B) the heavy regulations in the industry.
C) the price ceiling imposed by government regulators.
D) the lack of competition in the market.
Direct finance involves the sale to ________ of marketable securities such as stocks and
bonds.
A) households
B) insurance companies
C) pension funds
D) financial intermediaries
An option allowing the owner to sell an asset at a future date is a
A) put option.
B) call option.
C) futures contract.
D) forward contract.
Prior to the 1980s, S&Ls and mutual savings banks were restricted almost entirely to
A) commercial real estate loans.
B) home mortgages.
C) education loans.
D) vacation loans.
Which of the following are NOT traded in a capital market?
A) U.S. government agency securities
B) state and local government bonds
C) repurchase agreements
D) corporate bonds
Everything else held constant, when prices in the art market become more uncertain
A) the demand curve for bonds shifts to the left and the interest rate rises.
B) the demand curve for bonds shifts to the left and the interest rate falls.

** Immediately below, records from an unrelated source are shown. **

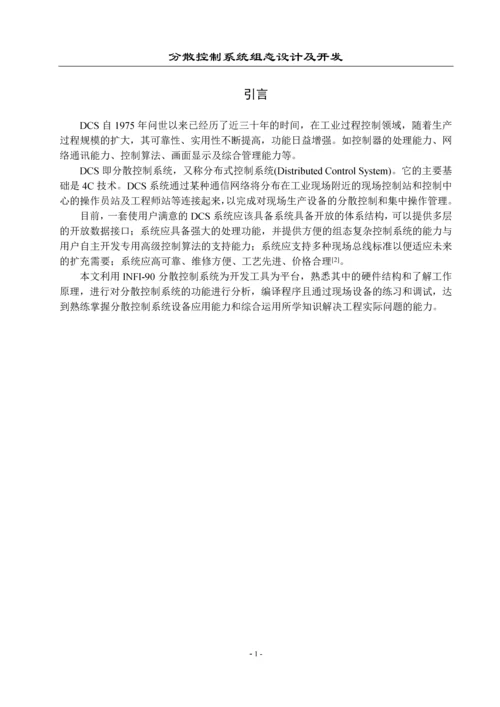 分散控制系统组态设计及开发-论文.docx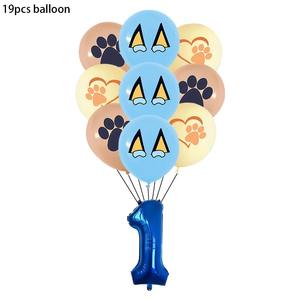 קישוט בלון מסיבה כלב לחגיגות רב-אסטיית יום הולדת שמח של תינוק בן יום הולדת שמח aster - Product Image 2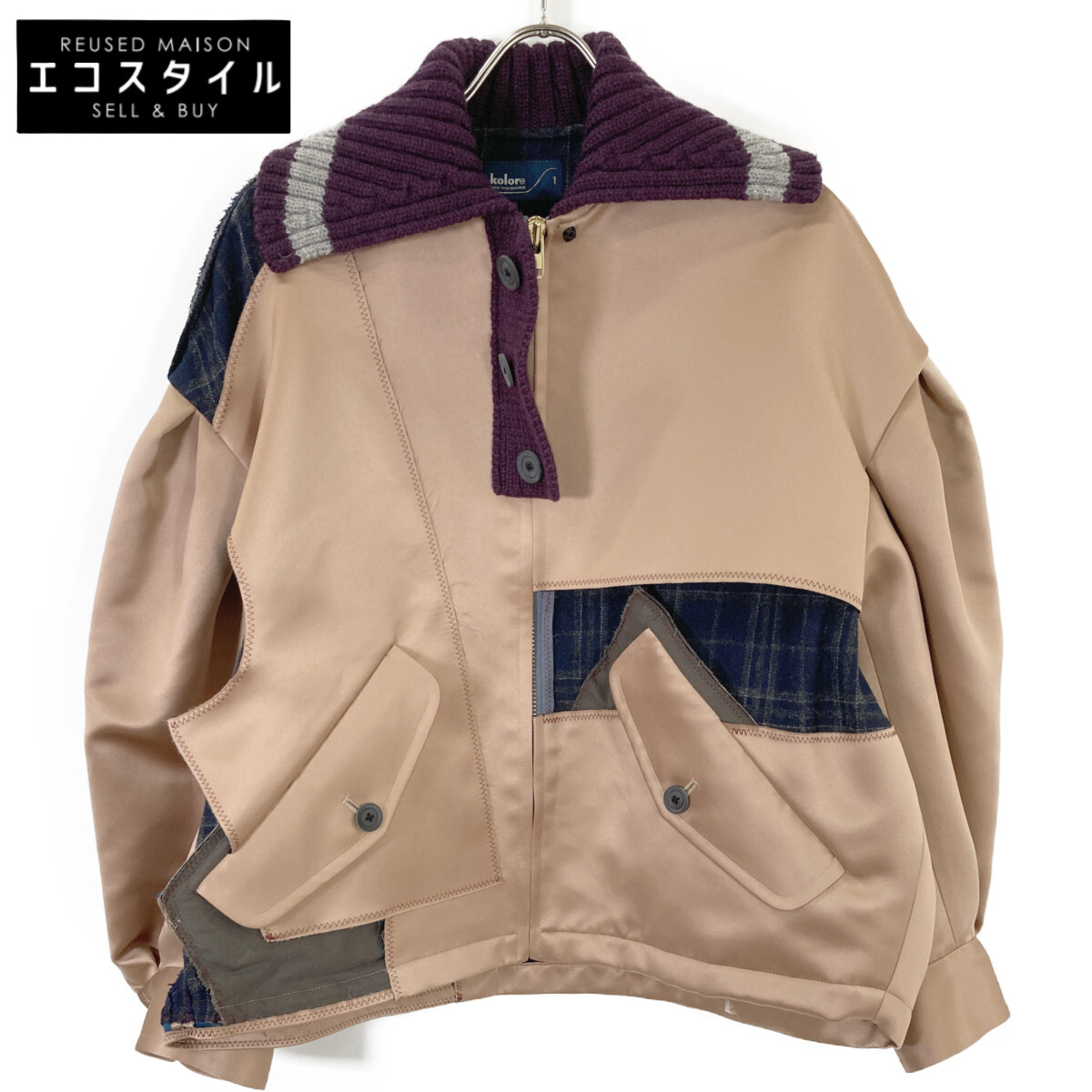 kolor カラー ﾍﾞｰｼﾞｭ/ﾊﾟｰﾌﾟﾙ 22AW ﾄﾞｯｷﾝｸﾞﾌﾞﾙｿﾞﾝ ジャケット 1 ベージュ／パープル レディース 【中古】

C) the demand curve for bonds shifts to the right and the interest rate falls.
D) the supply curve for bonds shifts to the right and the interest rate falls.
When financial institutions are able to reduce the costs of information for each service
they offer by applying the same information source to each service, we say that the
financial institution is realizing
A) economies of scope.
B) economies of scale.
C) increasing returns.
D) diminishing marginal returns.
With regard to external sources of financing for nonfinancial businesses in the United
States, which of the following are accurate statements?
A) Marketable securities account for a larger share of external business financing in the
United States than in Germany and Japan.
B) Since 1970, most of the newly issued corporate bonds and commercial paper have
been sold directly to American households.
C) Direct finance accounts for more than 50 percent of the external financing of
American businesses.
D) Smaller businesses almost always raise funds by issuing marketable securities.
Both ________ and ________ are Federal Reserve assets.
A) currency in circulation; reserves
B) currency in circulation; securities
C) securities; loans to financial institutions
D) securities; reserves
If a borrower takes out a $200 million loan in a repo agreement and is asked to post
$220 million of mortgage-backed securities as collateral, the “haircut” is
A) 5%.
B) 10%.
C) 20%.
D) 50%.
Which of the following is included in both M1 and M2?
A) currency
B) savings deposits
C) small-denomination time deposits
D) money market deposit accounts
A lower level of income causes the demand for money to ________ and the interest rate
to ________, everything else held constant.
A) decrease; decrease
B) decrease; increase
C) increase; decrease
D) increase; increase
The aggregate demand curve is the total quantity of an economy’s
A) intermediate goods demanded at different inflation rates.
B) intermediate goods demanded at a particular inflation rate.
C) final goods and services demanded at a particular inflation rate.
D) final goods and services demanded at different inflation rates.